The trouble with almost all current attempts to assess a safe and happy future for mankind is that they end up with some kind of a worldwide authoritarianism and a static society. From Plato to Huxley, utopians have seen the ideal social order as one running within rigid grooves. As the nuclear danger has become more manifest, and pollution and overpopulation have increasingly haunted even the most optimistic minds, some kind of centralized dictatorship has appeared the one sure remedy. It could be a benign dictatorship , of course, and even a very pleasing and orderly kind of control; but still man would share his diminished resources according to strict rules laid down from above.

The entrancing part of Professor O'Neill's vision is that it gets out of this dilemma, by picturing the human race as engaged upon new pursuits, with a new abundance of energy and of natural resources at its disposal. In settling space - occupying, as he likes to put it, ''the high frontier'' - men and women will live in a universe that is expanding, not contracting; they will find variety, initiative, independence, and freedom. It is not only that the space colonies will be decentralized and relatively small, holding the equivalent population of an old-fashioned town, nor that they will have gardens, shaded walkways, and as much sun and fair weather as seems agreeable. The important point is that they will be part of an ongoing adventure of the human race. Planet Earth, which has given men their natures and shaped their being, will remain like a fabled garden of Eden, still visited and cherished, but no longer the focus of troubles and dreams.

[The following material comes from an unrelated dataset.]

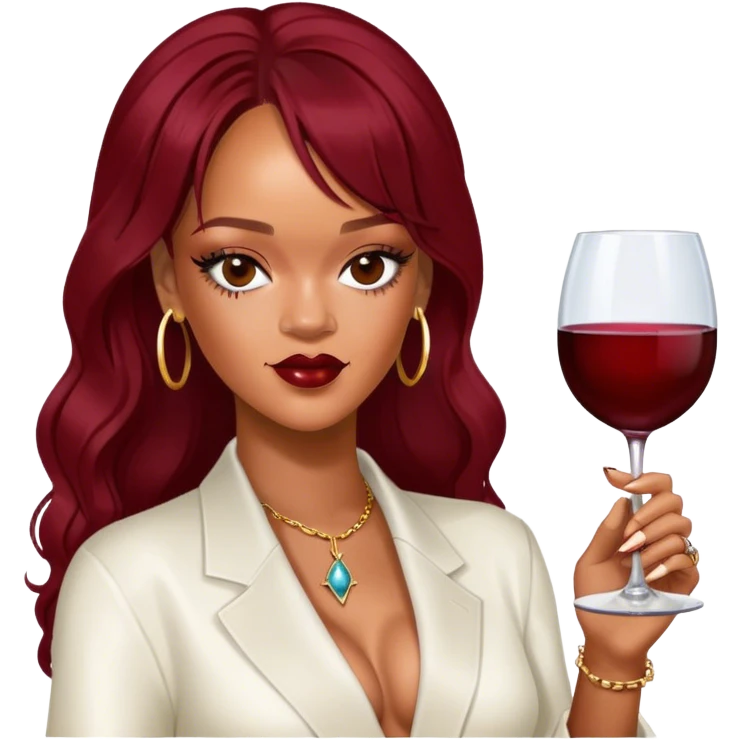 Photo Realistic Rihanna with wine glass emoji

It is extraordinary that a reputable scientist should be able to talk about space colonies as within the reach of practicality and as attainable a hundred years from now. But Professor O'Neill is a serious man, and I like his quotation from the futurist, Arthur Clarke, to the effect that ''anything that is theoretically possible will be achieved in practice, no matter what the technical difficulties, if it is desired greatly enough.''

The intensity of our desire for space colonies is, of course, the crucial factor in any prognostication. Judged by the feeble resources at present devoted by the government to this field, our longings would seem to be bent toward other , more terrestrial, concerns. But there is a deeper question. Is man really prepared for so great a leap forward? Would he not want to put the advances of technology to other ends, more closely related to familiar scenes and fireside pleasures? The Greeks, perhaps wisely, used their early mastery of technology to create for themselves theat-rical effects and playthings. It is striking that aluminum, which a century ago was a pure element more rare and precious than platinum, should today have been put to making the wonderfully light tent posts for the shelter we were erecting the other day in nearby woods. Conceivably other computer-age marvels will be devoted to similar ends - to restoring the age of sail, for example, in a form suitable for transporting great cargoes.

Men, like the weather, are unpredictable; that is the one sure thing about them, and perhaps the best and noblest. Almost the only sure prediction is that men will somehow or other manage to survive, whether in space or on solid Earth.